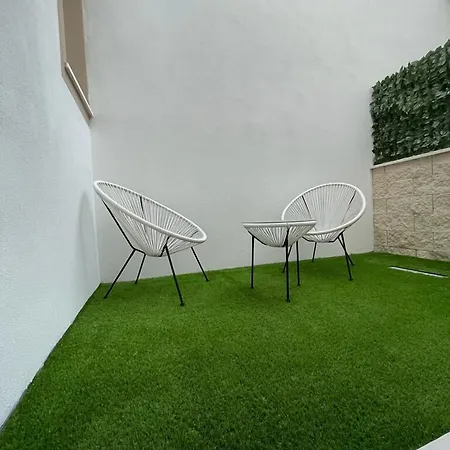 Bullerjanos Guest house Olbia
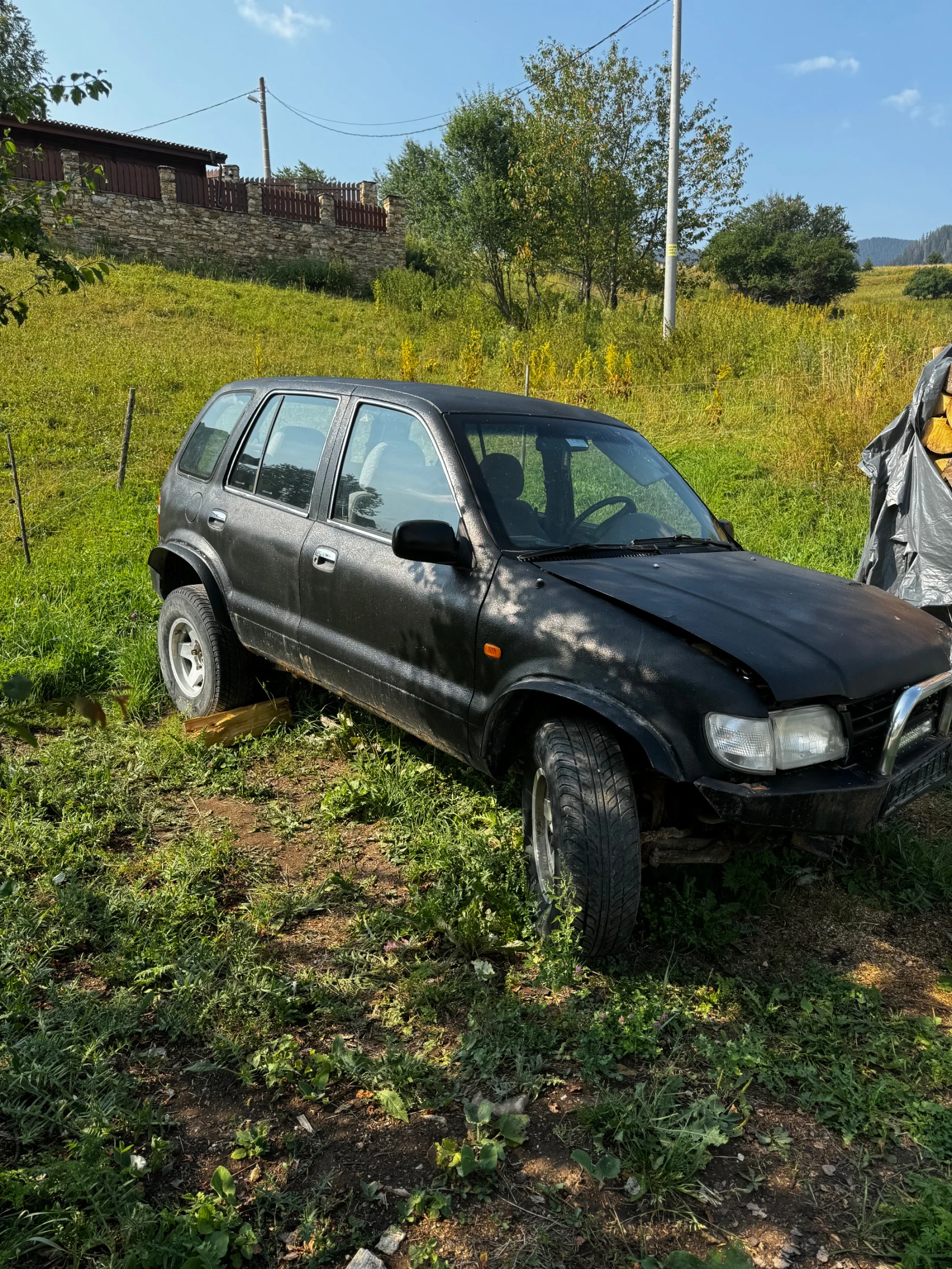 Kia Sportage | Mobile.bg — изображение 1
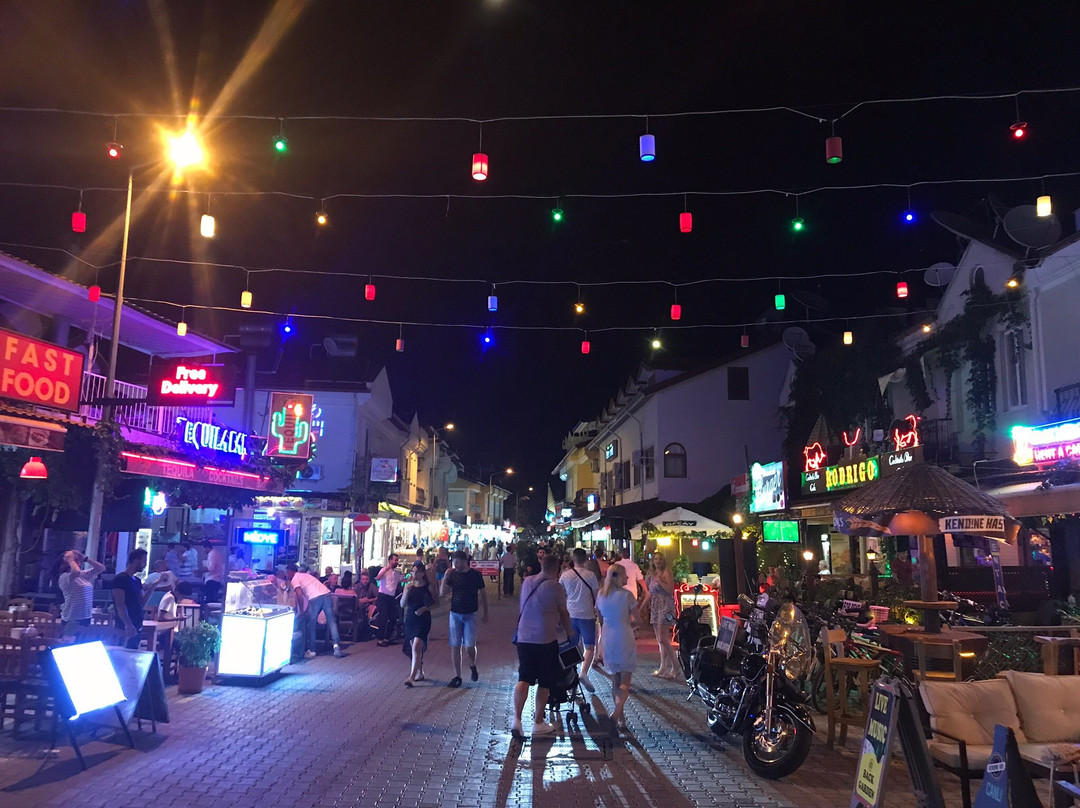 Rivaesta Butik Hotel主图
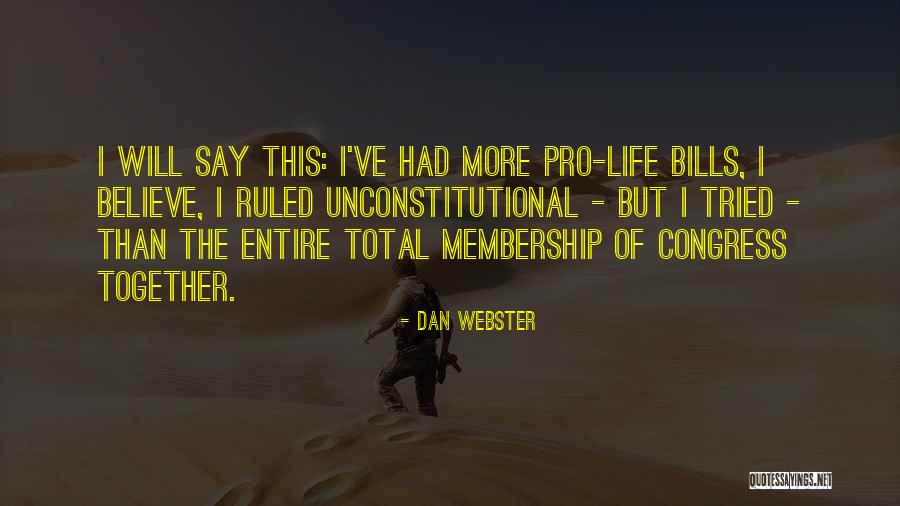 Moraira Weer Quotes By Dan Webster Moraira Weer Quotes By Dan Webster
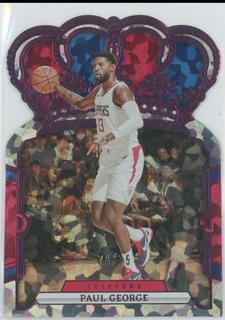 Paul George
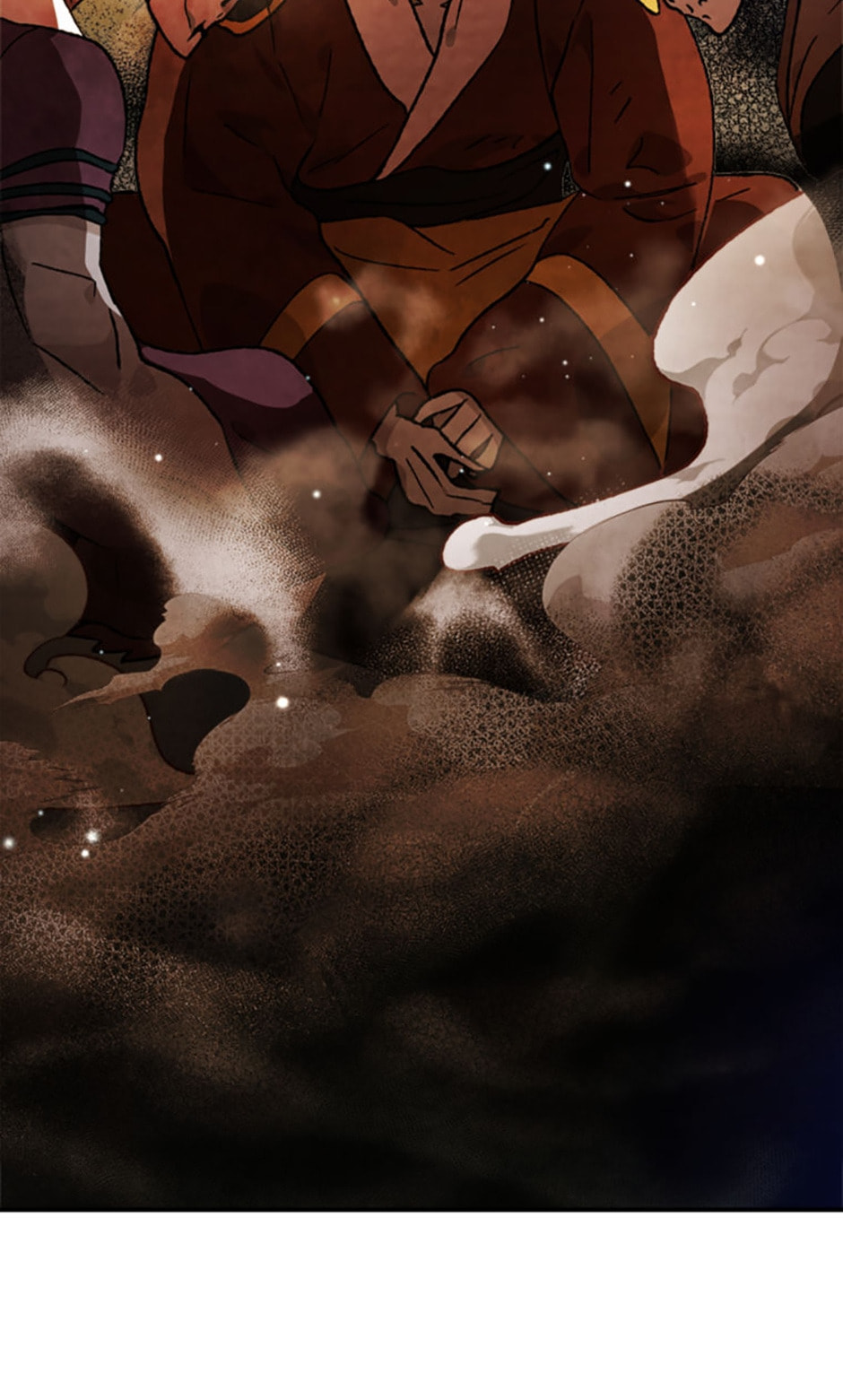 Chronicles of a Returner Chapter 35 page 81 -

Work instructions: The lines to copy run from the line containing "Paul George" through the end of the data above; copy exactly those, minus the pictures.

Solution to this problem:
 Paul George
 Chronicles of a Returner Chapter 35 page 81 -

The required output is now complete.